Por estas horas se conoció la reciente decisión de una jueza de Carolina del Sur, en Estados Unidos, quien decretó que el condenado a muerte más joven en la historia de ese país, George Stinney, no tuvo un proceso justo.

El 16 de junio de 1944, el chico negro de 14 años y de apenas 43 kilos de peso, era condenado y ejecutado por el presunto asesinato de dos nenas: Betty June Binnicker, de 11 años, y Mary Emma Thames, de 7.

Y al momento de efectuar la ejecución, era tan chiquito que el verdugo tuvo que poner una guía telefónica debajo de sus nalgas para que no se deslizara en la silla eléctrica.

Durante el proceso judicial que llevó al crimen, que no duró más de una jornada, la policía afirmó que contaba con la confesión del adolescente, aunque nunca se encontraron escritos en ese sentido en los archivos judiciales. Y el jurado formado íntegramente por blancos tomó por cierta esa presunta confesión.

El abogado del chico era además un cobrador de impuestos blanco, que en ese entonces en plena campaña para su reelección, convocó a muy pocos testigos y apenas realizó algunos simulacros de contra interrogatorios.

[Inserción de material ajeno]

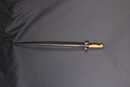 Rosalie. Baionette pour fusil Lebel. Quillon supprimé. Poignée bronze. Fourreau et garde oxydés.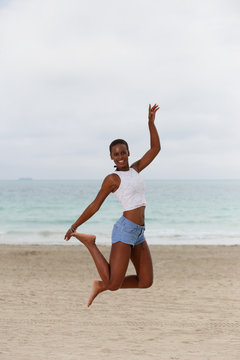 Woman jumping on the sand in Miami Beach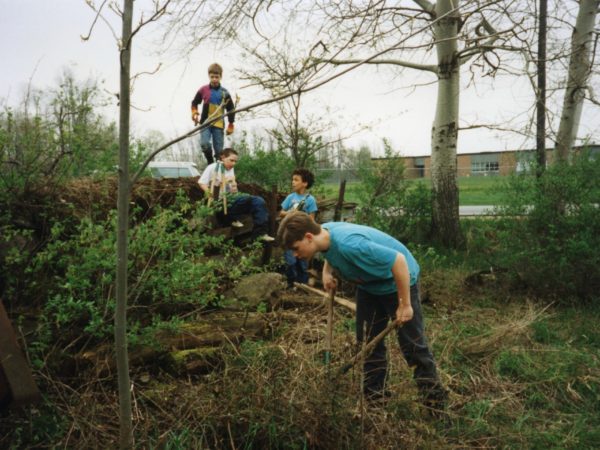 Children work to restore the old meeting house in East De Kalb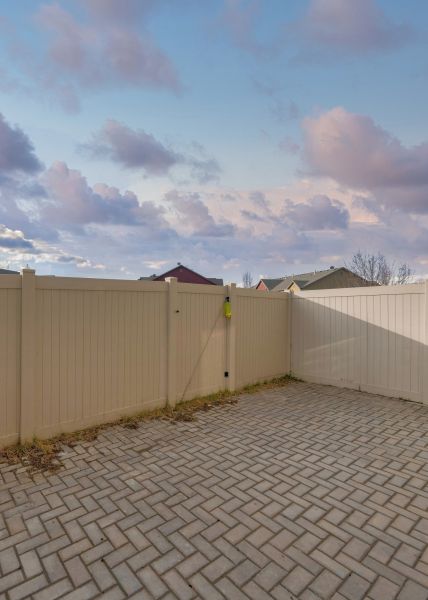 Tan PVC Fence Installation in Conway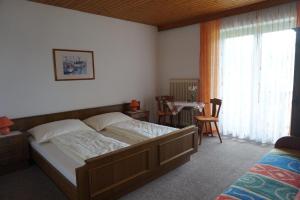 a bedroom with a bed and a table with chairs at Gästehaus Resei in Schiefling am See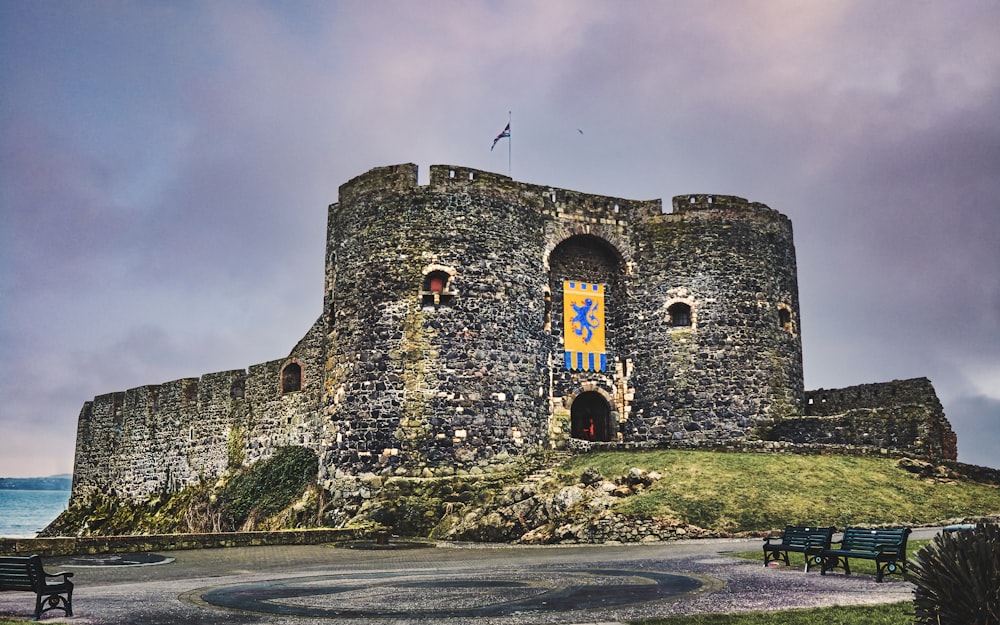 a stone castle with a bench in front of it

Setenta años más tarde, la jueza Carmen Tevis Mullen afirmó que el proceso judicial contra Stinney había estado plagado de "violaciones fundamentales y constitucionales a un proceso regular", agregando que "no recuerdo un caso en el que abundaran tantas pruebas de violaciones de los derechos constitucionales y tantas injusticias".

El hermano y la hermana del ejecutado, hoy septuagenario y octogenaria, emprendieron hace años un combate judicial para rehabilitar el nombre de George. "Estoy tan feliz", dijo Katherine Stinney Robinson a un diario local, aunque advirtió que "esta decisión tardó demasiado".

Tanto tardó que la pena de muerte legal se cumplió. El asesinato legal se ejecutó. Y la pena de muerte es insoluble.